There are tools you use once… and forget. And then there are tools that quietly become part of how you survive complex systems. For me, one of those tools has always been the Pending Export script originally written by Carol Wapshere. If you’ve worked in Microsoft Identity Manager long enough, you know the moment when you are ready to run a big export. You think you know what’s going to happen, but there is so much data it is hard to validate in the console.

And in identity systems, “not really knowing” is where things have gone wrong for me in the past.

The Problem MIM Never Really Solved

MIM gives you power, but it does not give your stakeholders visibility. Before an export, they are often left asking:

  • What exactly is going to change?
  • Which attributes are being updated?
  • What values are being added, removed, or overwritten?
  • How many objects are actually affected?
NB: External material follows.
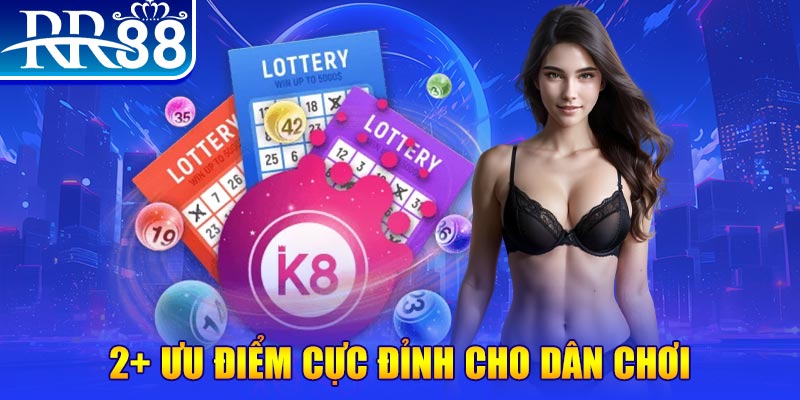 123win01 đăng nhập nổ hũ miễn phí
Yes, you can inspect connector space objects and do previews – but at scale, this becomes impractical. That’s where Carol’s script came in. It took the output of csexport.exe, turned it into something human-readable, and gave you a pre-flight view of identity changes. This allowed you to send data to business for validation before running big exports (and to effectively follow change processes).

Why I Had to Touch It

I recently had to dust this tool off again for a project. In this project I have a sizable dataset which I wanted to validate with the customer. I got the script and ran it; this is where things broke.

The original script was brilliant for its time — but it struggled under time and modern scale:

  • Connector spaces with 95,000+ objects
  • Large XML exports
  • Real-world attribute complexity

Two issues became obvious:

  • Memory: The script split XML into thousands of files and loaded each into memory. That works… until it doesn’t.
  • Performance: Each object was parsed twice and at scale, this becomes painfully slow.

This Was Not a Patch

I started with the intention of fixing a few things but ended rewriting. And I want to be very clear here; the rewrite is not intended to minimize Carol’s original work. This version is simply an attempt to make that idea survive modern environments.
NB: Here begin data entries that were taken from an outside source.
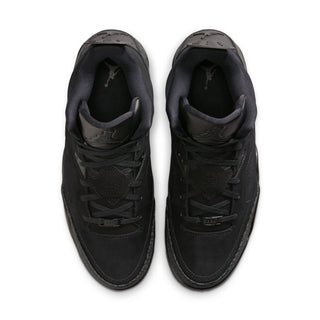 Son Of Mars Low - Mens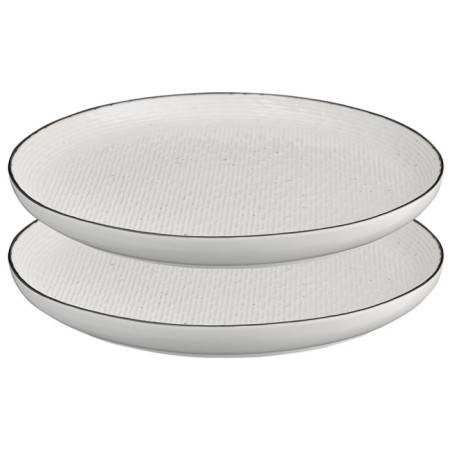 Liberty Jones Contour, D = 26 cm, 2 pcs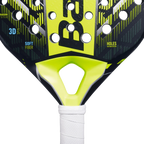 Babolat Counter Vertuo 2.5 Padel Racket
The Core Change — From DOM to Streaming

The biggest shift was architectural.

Instead of:

  • Splitting XML into per-object files
  • Loading full XML DOMs into memory
  • Re-parsing strings repeatedly

The script now uses:

  • A single-pass streaming XML reader (XmlReader)
  • Forward-only processing
  • Depth-aware navigation

What this means in practice:

  • No temporary files
  • No full XML loads
  • Memory usage scales with file size, not object count
  • Processing time becomes predictable

This one change fundamentally altered how the tool behaves under load but also exposed a lot of data hanlding issues.

What You Get Out of It

The goal of the tool has not changed, clarity before execution. But the output is now more usable at scale and has a few more features and validation built in.

Reports generated

  • Single-value attribute changes (per object)
  • Multi-value attribute changes (adds/removes)
  • Change validation (counts)
  • Optional per-attribute breakdowns: Something I always used to do with the original was extract and then start filtering changes per attribute, so this time I just added a flag to output straight to “per-attribute.csv” files.
  • HTML summary with totals and timing

You can take these outputs and:

  • Validate changes before export
  • Get stakeholder approval
  • Audit what is about to happen
  • Troubleshoot unexpected behaviour

The Hidden Problem — Data Quality

The rewrite exposed something else that is not performance rated; data quality. Some target system data is “dirty” with means things like spaces, new lines and more creates issues for the script. When you start processing large datasets, you begin to see:

  • Broken values
  • Unexpected formatting
  • Embedded line breaks
  • Edge-case attribute behaviour

Some of the hardest bugs I hit were not performance-related but they were data integrity issues caused by real-world directory data. In the end with all the changes I made in the processing I was second guessing data all the time. This is why I introduced a second script:

Test-PendingExports.ps1

A validation tool that:

  • Re-reads the original XML
  • Compares it to the generated CSVs
  • Verifies counts, values, and summaries

Because if you are going to trust a report… You need to be able to verify the report.

Sidenote: The CSV Problem

One of the more interesting issues was sometimes the CSV format itself. Embedded newlines inside attribute values caused:

  • Broken rows
  • Phantom records
  • Silent data corruption in Excel pipelines

Ultimately the only to fix this in the reporting was (altering trying simple quoting) was to sanitise the data at export time to prevent downstream parsing failures.

Now, and Next Steps

For now, thank you Carol – hope you do not mind.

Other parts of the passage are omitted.